GRAPHIQUE 2  Evolution de la croissance potentielle (en %) et de ses composantes (en points de poucentage)

Les sombres perspectives de croissance potentielle

Furceri et ses coauteurs estiment que la croissance potentielle devrait légèrement s’accélérer au fur et à mesure que les répercussions de la crise se dissiperont, mais elle restera à moyen terme inférieure à sa tendance d’avant-crise. Elle s’établissait en moyenne à 2 % entre 2001 et 2007 et à 1,3 % entre 2008 et 2014 ; elle devrait atteindre 1,6 % entre 2015 et 2020. D’un côté, avec la reprise, l’accumulation du capital devrait s’accélérer ; de l’autre, avec le vieillissement de la population, la croissance de la population active va rester morose. A l’inverse, dans les pays émergents, la croissance de la production potentielle devrait davantage ralentir. Elle s’établissait en moyenne à 6,5 % entre 2008 et 2014 ; elle devrait atteindre 5,2 % entre 2015 et 2020. Ce ralentissement s’explique par le vieillissement de la population, par le ralentissement de l’investissement et par le ralentissement de la croissance de la productivité totale des facteurs : dans la mesure où les pays émergents se rapprochent de la frontière technologique, les rendements de l’éducation et de l’innovation ne seront pas aussi élevés que par le passé.

Le ralentissement de la croissance potentielle a d’importantes implications pour l’orientation des politiques macroéconomiques. Dans les pays avancés, elle complique le désendettement tant des agents privés que du secteur public. D’autre part, elle entraîne une baisse des taux d’intérêt d’équilibre. Autrement dit, les économies avancées risquent de connaître plus fréquemment des épisodes de trappe à liquidité, dans la mesure où les taux d’intérêt nominaux des banques centrales buteront plus souvent sur leur borne inférieure zéro (zero lower bound).
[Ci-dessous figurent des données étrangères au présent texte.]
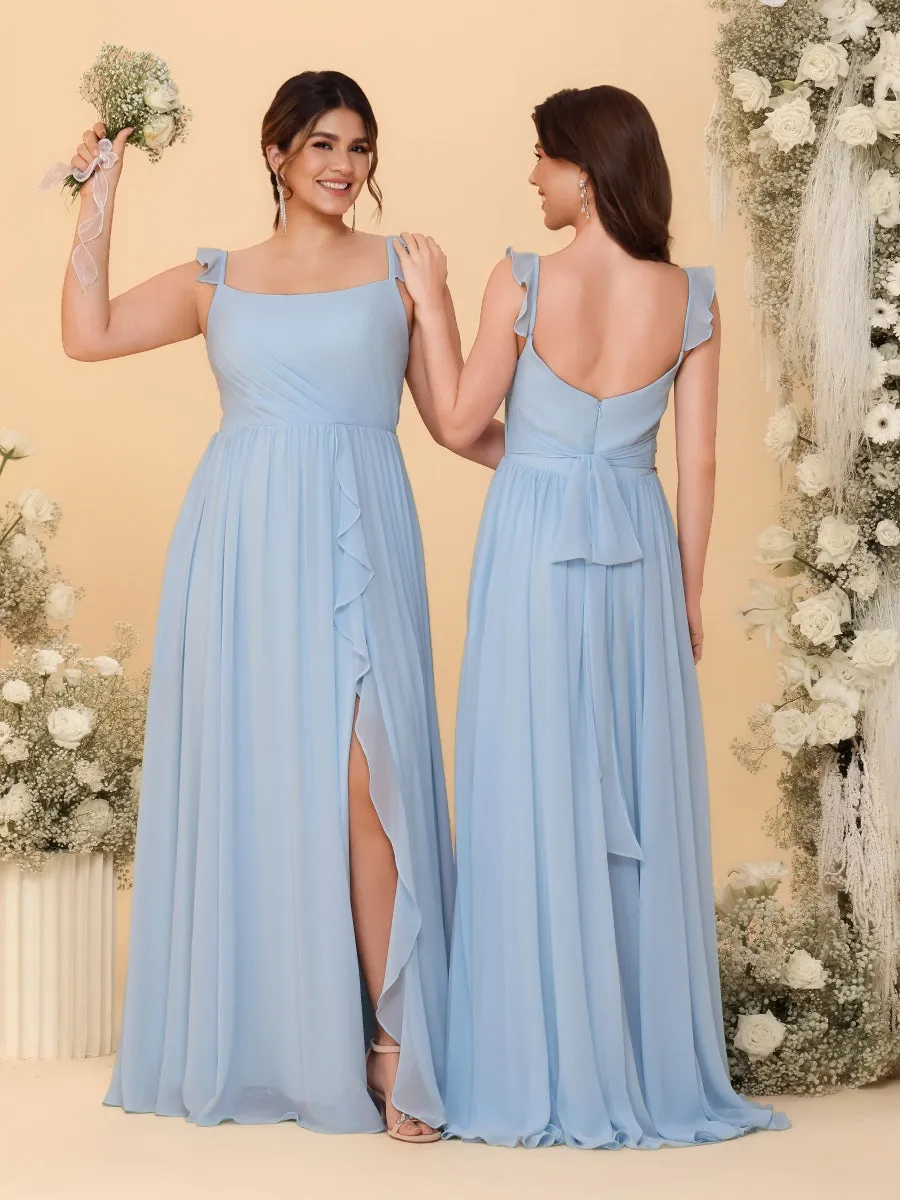 A-Line/Princess Square Neck Sleeveless Plus Size Bridesmaid Dresses With Side Slit & Ruffles sold by Lavetir product image thumbnail 2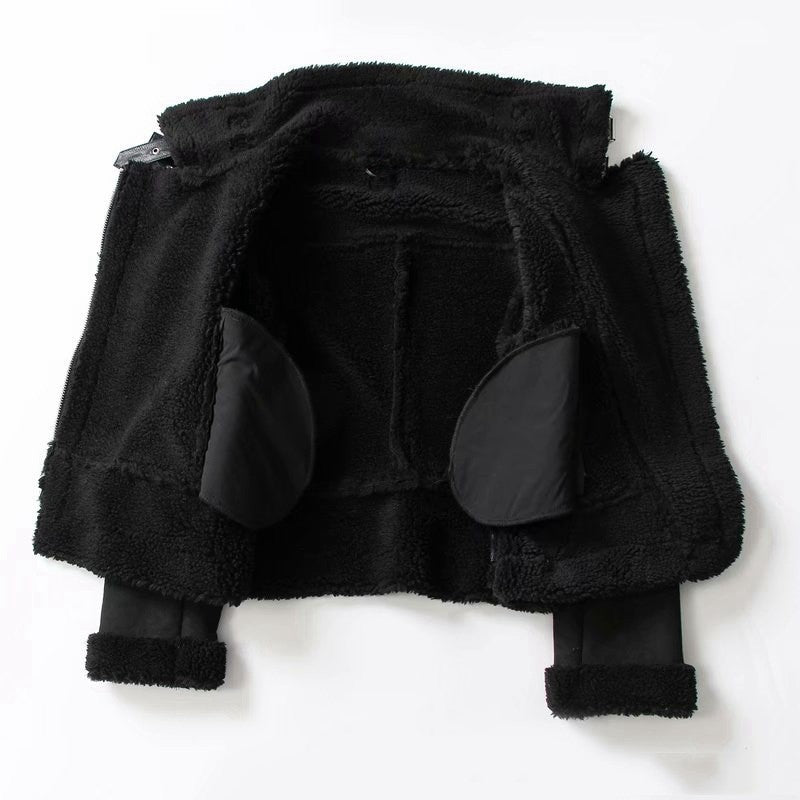 Women’s Winter Lapel Suede Lamb Wool Warm Coat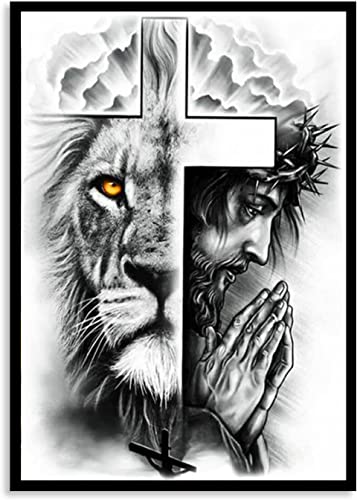 Lion And Jesus Counted Cross Stitch Kits For Adults Beginners,Easter He Is Risen Full Range Of Cross-Stitch Stamped Kits Embroidery Patterns Art Crafts Needlepoint Kits For Wall Decor 12X16 Inch #TOP9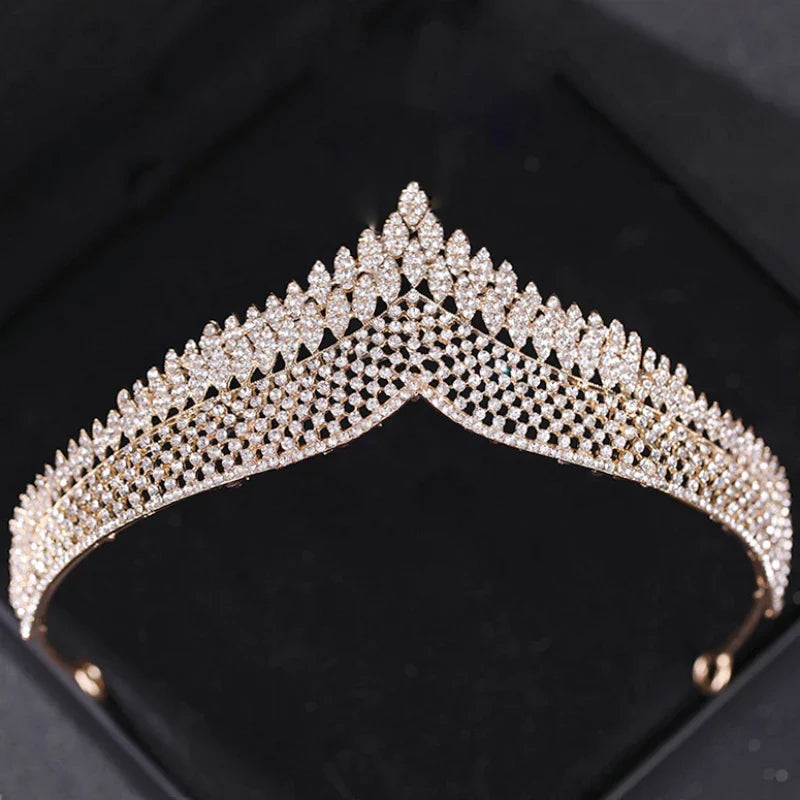 Gold Crystal Tiaras And Crowns Headband Rhinestone Prom Diadem Crown Bridal Wedding Hair Accessories Jewelry Crown Tiara Gift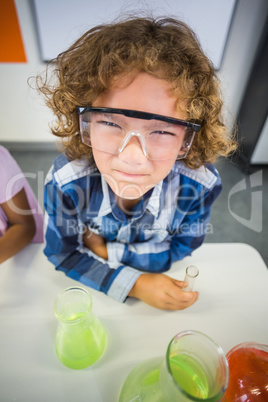 Kids posing in laboratory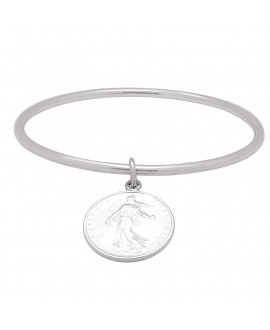 Bracelet jonc argent avec breloque 1 franc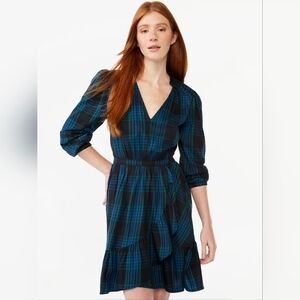 FREE ASSEMBLY Plaid V-Neck Dress (Small)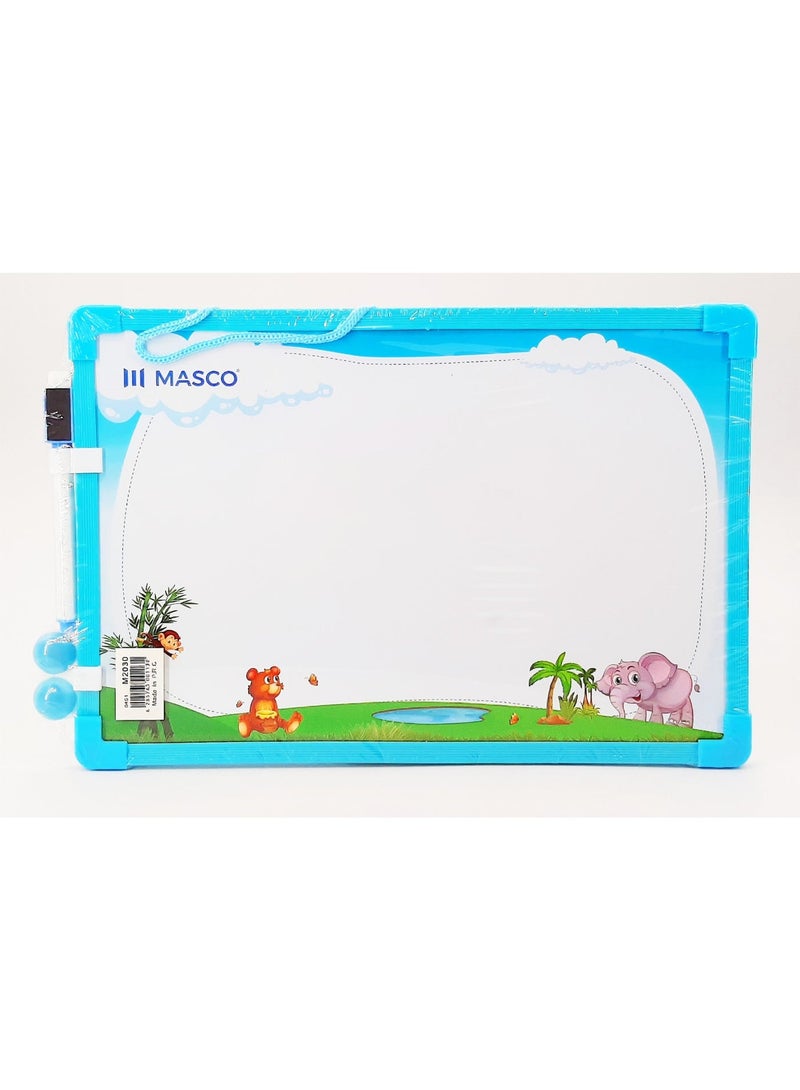 MASCO Kids White Board 30x40cm with Marker, Eraser & 2 Magnetic Pins – Assorted Colors - Image 1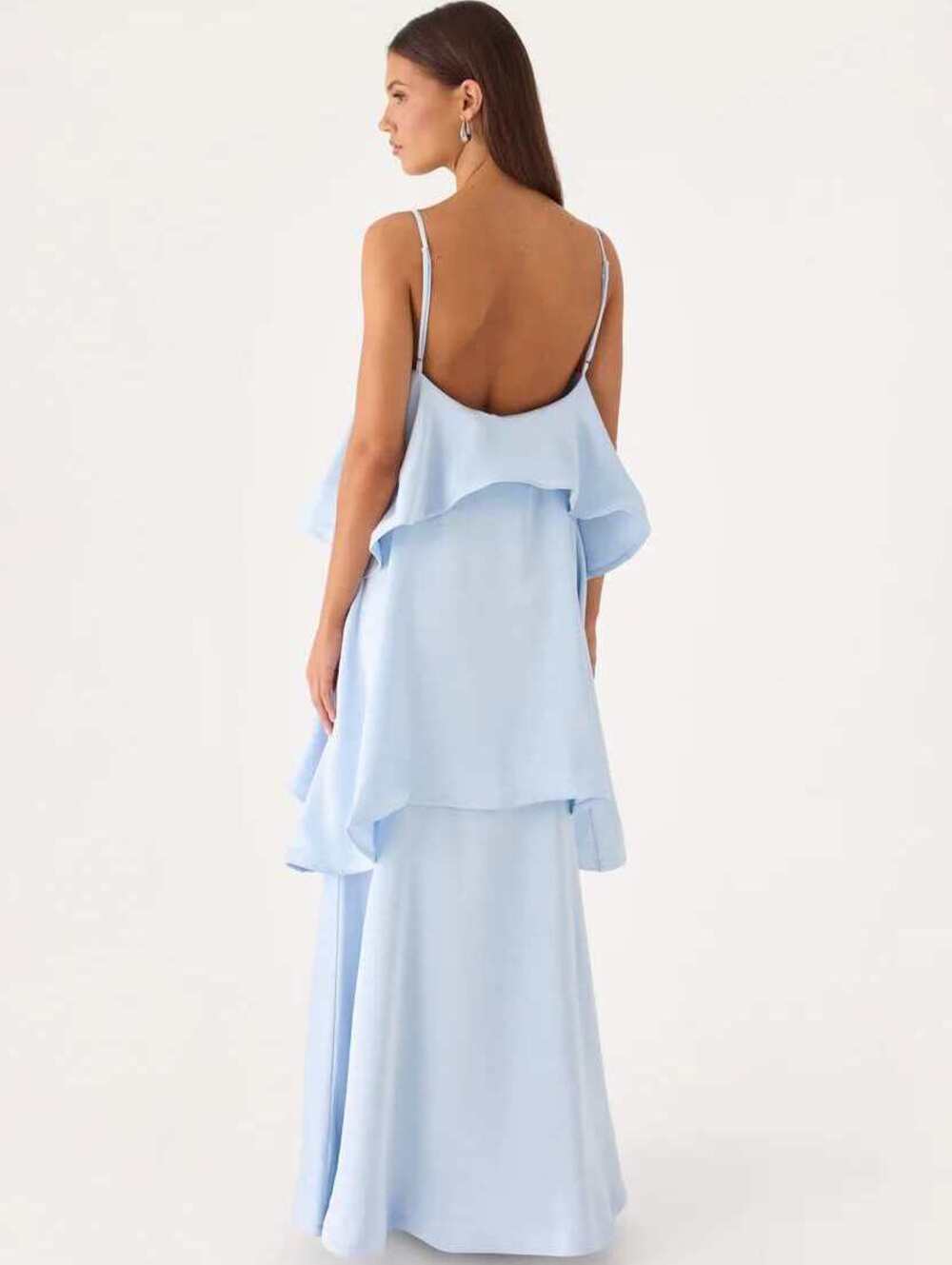 Peppermayo Becka Satin Tiered Maxi Dress Blue Low Back Size 4 NWT - Picture 3 of 7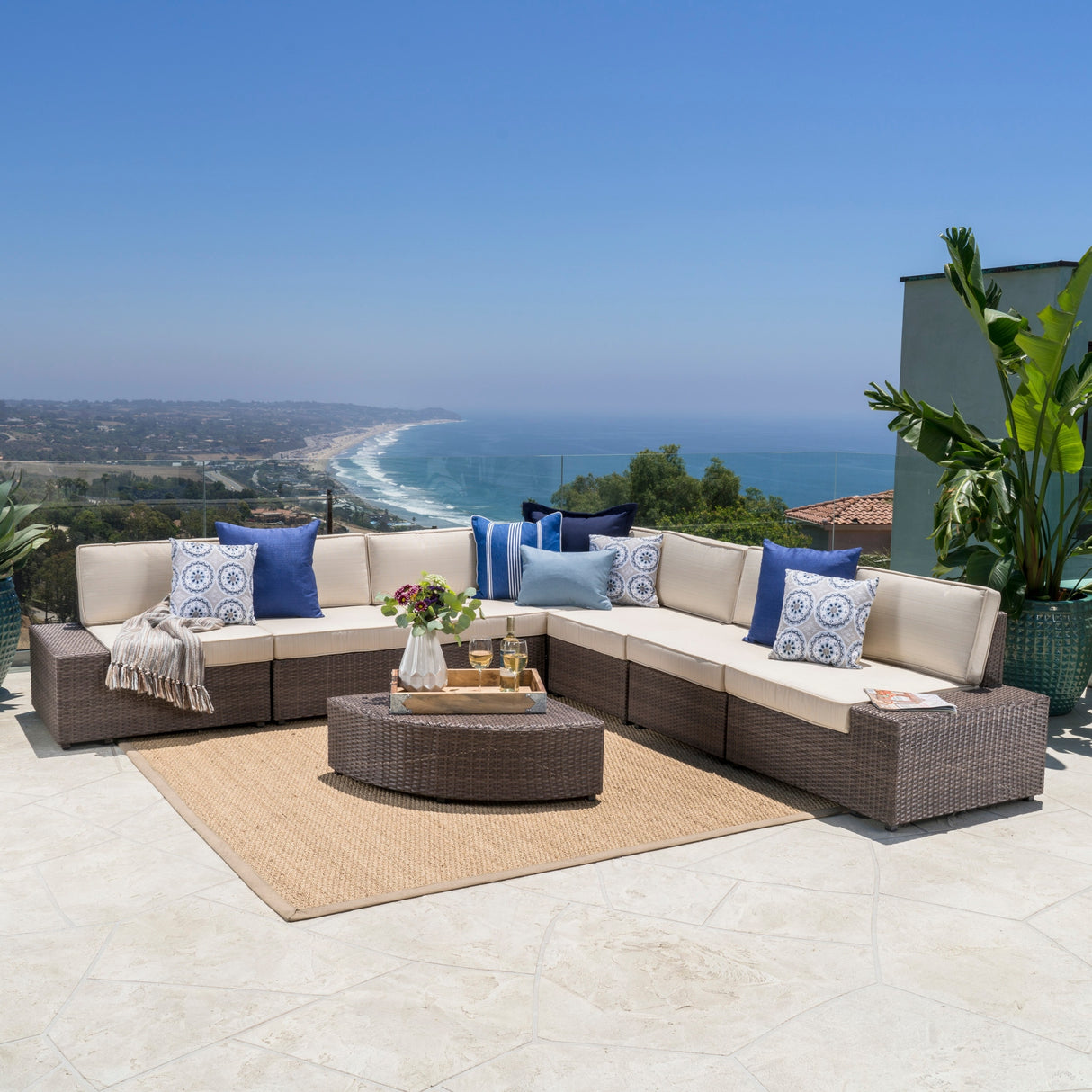 Santa Cruz Outdoor 8-piece Wicker Sofa Set with Water Resistant Cushions by Christopher Knight Home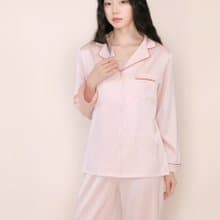 法式復古 22姆米真絲家居服套裝 睡衣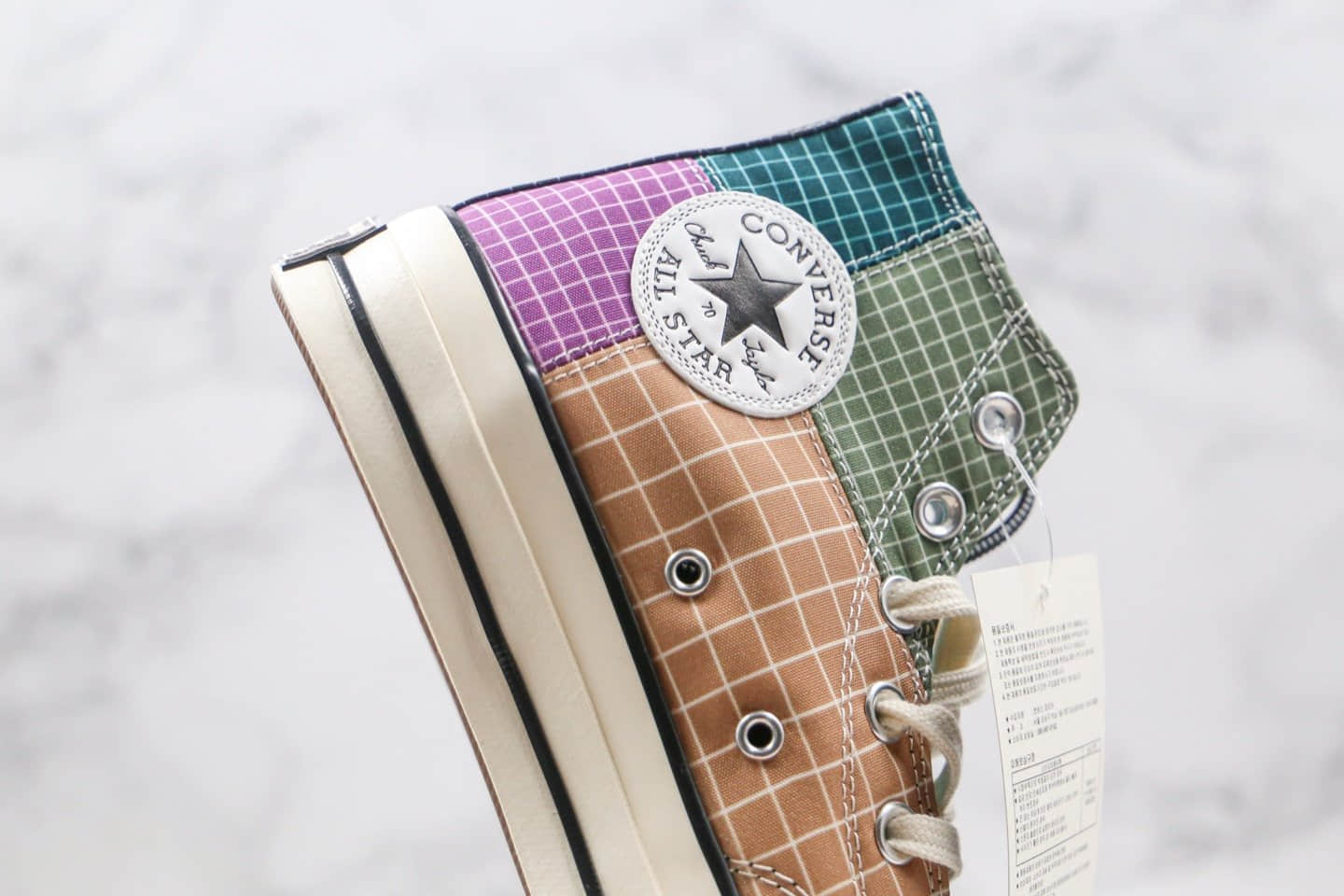 匡威CONVERSE Chuck 70s公司级版本高帮格子解构彩虹色拼接硫化帆布鞋原厂硫化大底 货号：166317C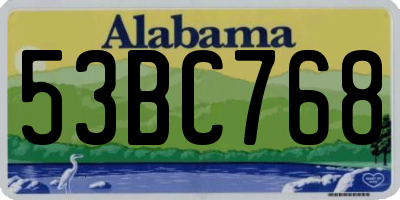 AL license plate 53BC768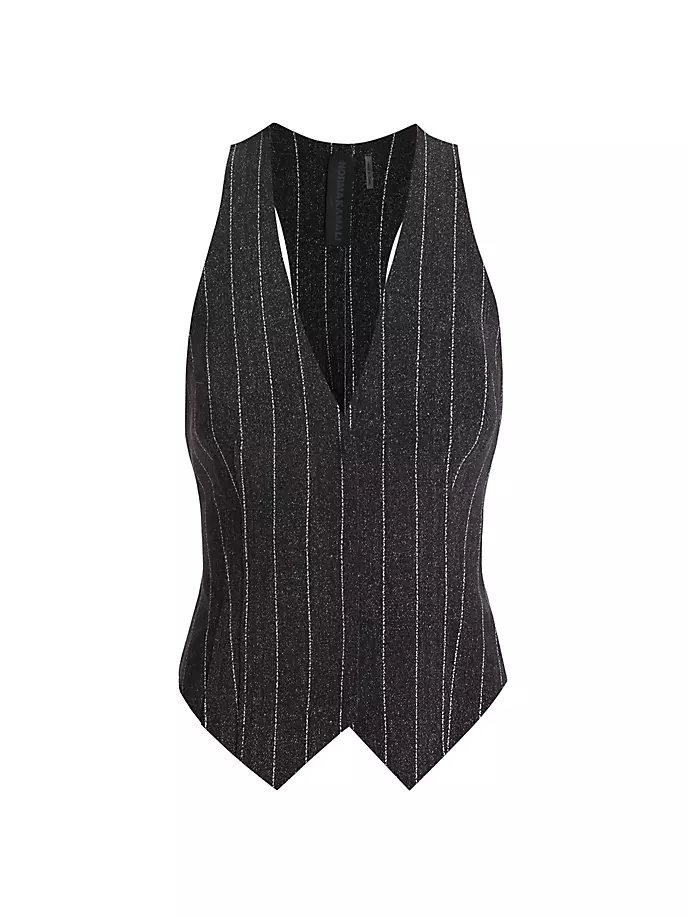 

Жилет в тонкую полоску с гоночной спиной Norma Kamali, цвет woven pinstripe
Furceri et ses coauteurs préconisent certes la mise en œuvre de réformes structurelles qui accroîtraient la croissance potentielle en stimulant l’innovation et en contrant les effets du vieillissement démographique, mais ils appellent également à ce que les économies avancées mettent en œuvre des politiques de soutien à la demande pour éviter que la faiblesse de la croissance continue de détériorer le potentiel de croissance, notamment en désincitant les entreprises à investir. Or, le fort endettement public désincite les Etats à recourir à la relance budgétaire et les incite au contraire à embrasser des plans d’austérité, tandis que la borne zéro réduit la marge de manœuvre des banques centrales pour davantage assouplir leur politique monétaire. Dans les pays avancés, il n'est pas improbable que la faiblesse de la croissance et la faiblesse de la croissance potentielle s'entretiennent mutuellement.

 

Références

BLAGRAVE, Patrick, & Davide FURCERI (2015), « Lower potential growth: A new reality », in IMFSurvey Magazine, 7 avril. Traduction française, « Ralentissement de la croissance potentielle : une nouvelle réalité ».

BLAGRAVE, Patrick, Mai DAO, Davide FURCERI, Roberto GARCIA-SALTOS, Sinem KILIC CELIK, Annika SCHNÜCKER, Rachel SZYMANSKI, Juan YÉPEZ ALBORNOZ & Fan ZHANG (2015), « Where are we headed? Perspectives on potential output », in FMI, World Economic Outlook, Uneven Growth: Short- and Long-Term Factors, avril.